BEGIN Input material

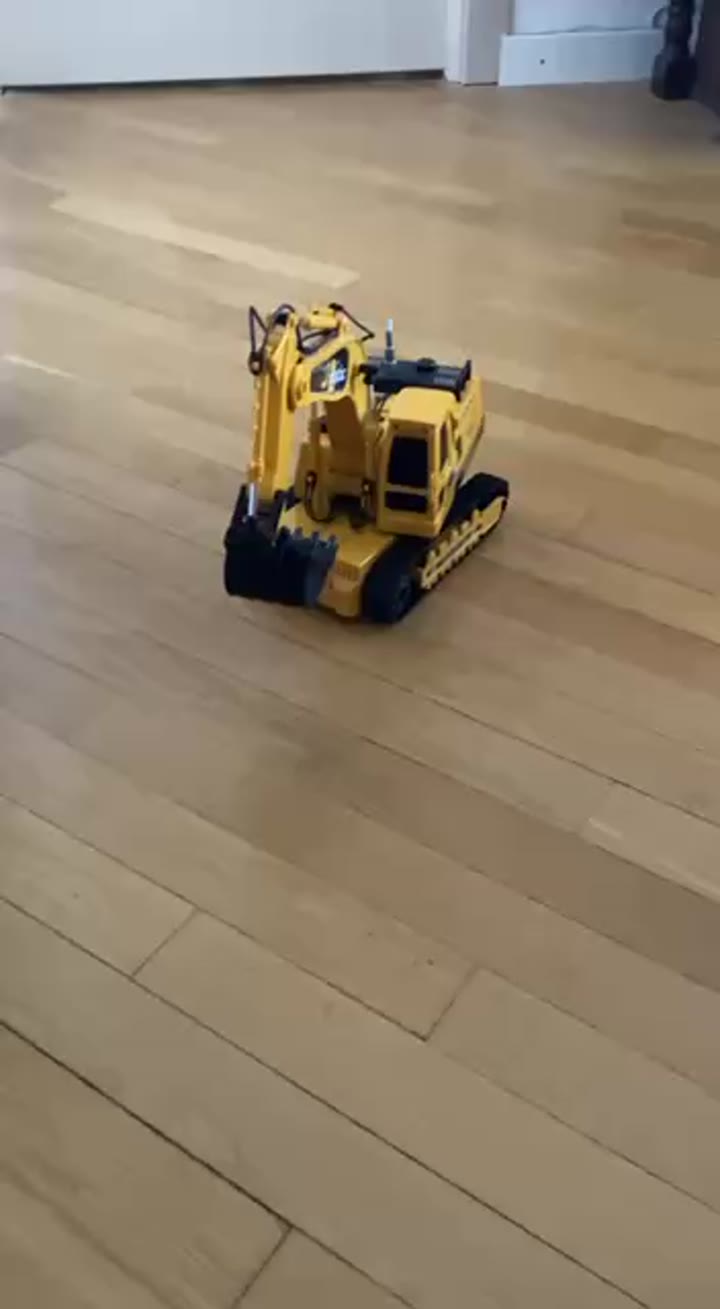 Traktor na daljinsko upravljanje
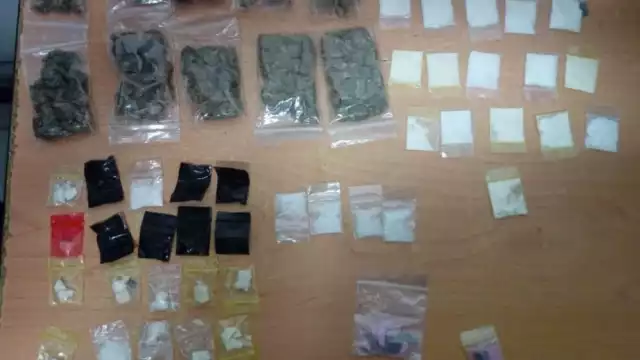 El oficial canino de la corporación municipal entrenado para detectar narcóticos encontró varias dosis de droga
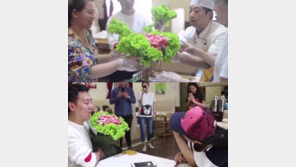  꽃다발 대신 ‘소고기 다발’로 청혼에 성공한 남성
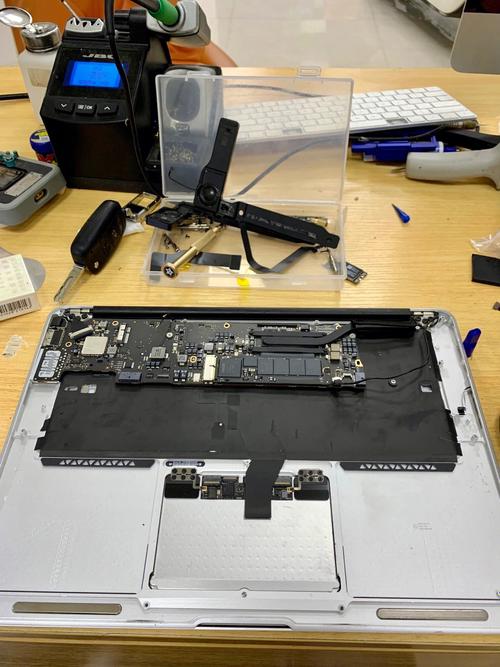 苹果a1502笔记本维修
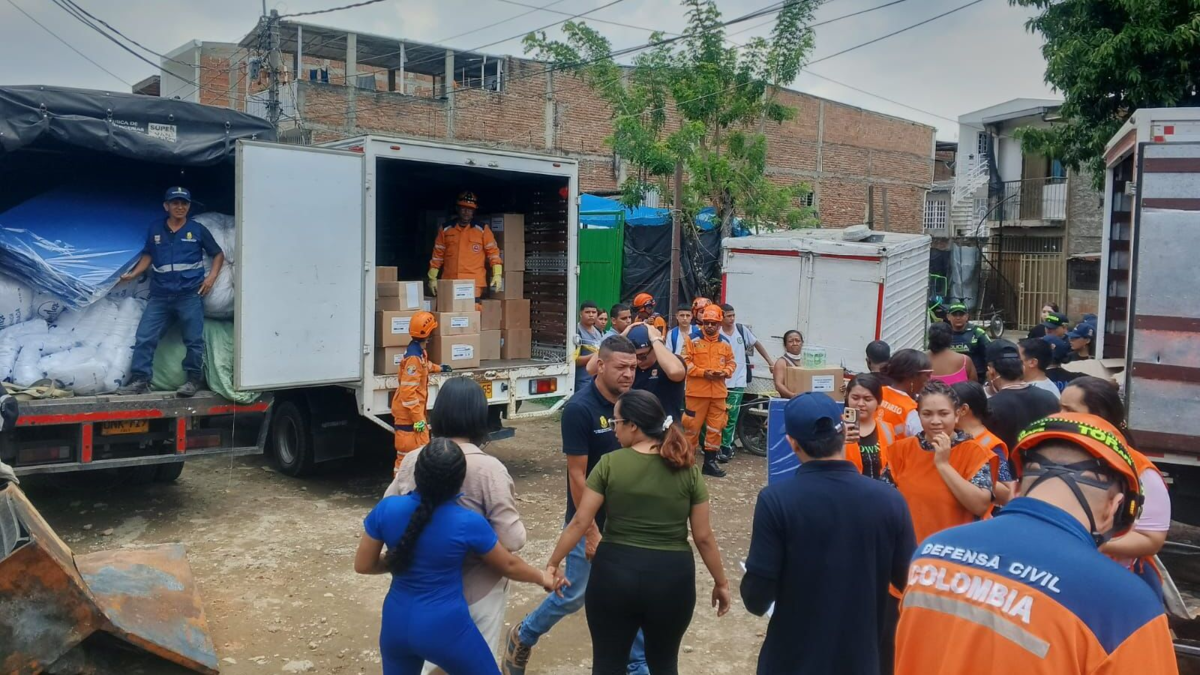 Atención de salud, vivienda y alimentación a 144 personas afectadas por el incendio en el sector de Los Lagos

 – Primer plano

END Input material
BEGIN Input material

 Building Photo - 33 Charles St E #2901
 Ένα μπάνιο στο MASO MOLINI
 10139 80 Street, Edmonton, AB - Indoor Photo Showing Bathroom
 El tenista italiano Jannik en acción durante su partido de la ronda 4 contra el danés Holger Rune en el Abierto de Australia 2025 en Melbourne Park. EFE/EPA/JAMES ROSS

END Input material

## Exercise:
Take exactly the lines from the one containing "Building Photo - 33 Charles St E #2901" through the one containing "10139 80 Street, Edmonton, AB" in the data above, and output them with nothing added.

## Final answer:
 Building Photo - 33 Charles St E #2901
 Ένα μπάνιο στο MASO MOLINI
 10139 80 Street, Edmonton, AB - Indoor Photo Showing Bathroom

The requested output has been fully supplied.